§ Directions
Would you retype the listing below word for word, without any of its pictures?

§ Source data
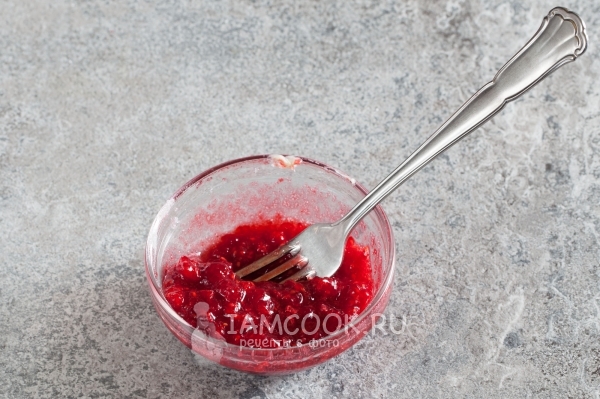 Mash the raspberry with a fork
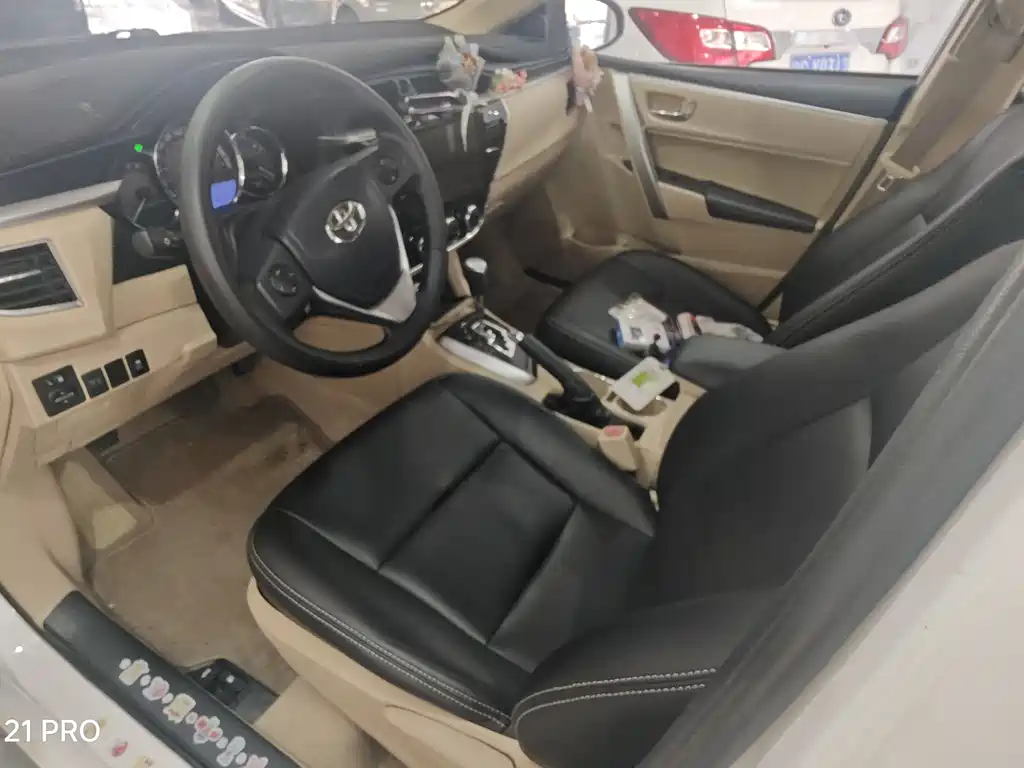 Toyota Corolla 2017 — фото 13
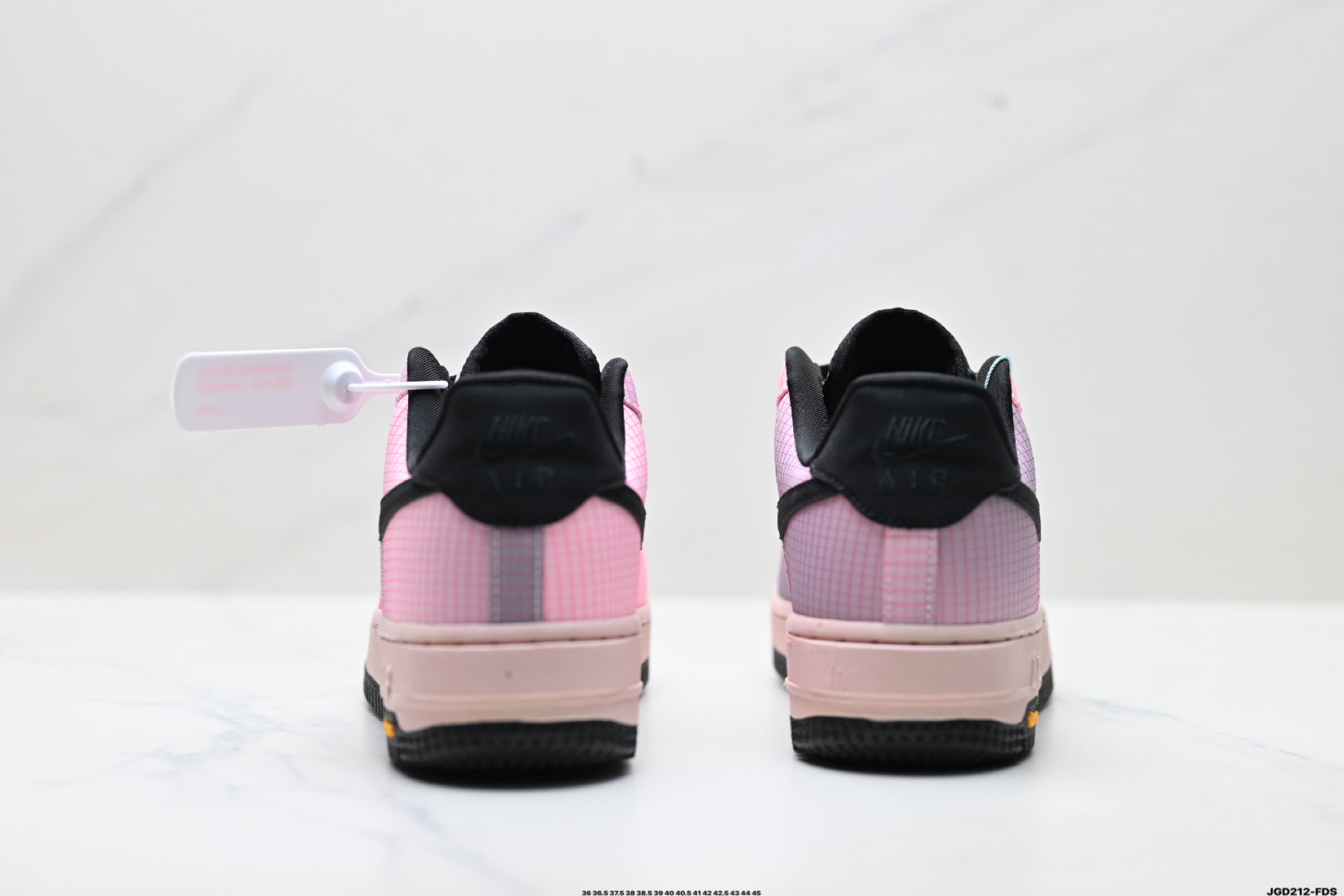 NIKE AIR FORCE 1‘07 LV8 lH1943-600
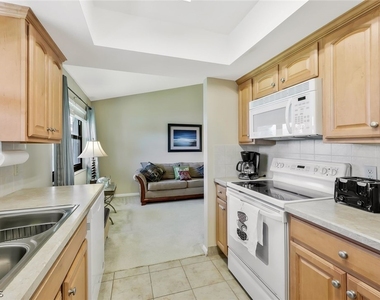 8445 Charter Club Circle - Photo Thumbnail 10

§ Answer below
 Mash the raspberry with a fork
 Toyota Corolla 2017 — фото 13
 NIKE AIR FORCE 1‘07 LV8 lH1943-600
 8445 Charter Club Circle - Photo Thumbnail 10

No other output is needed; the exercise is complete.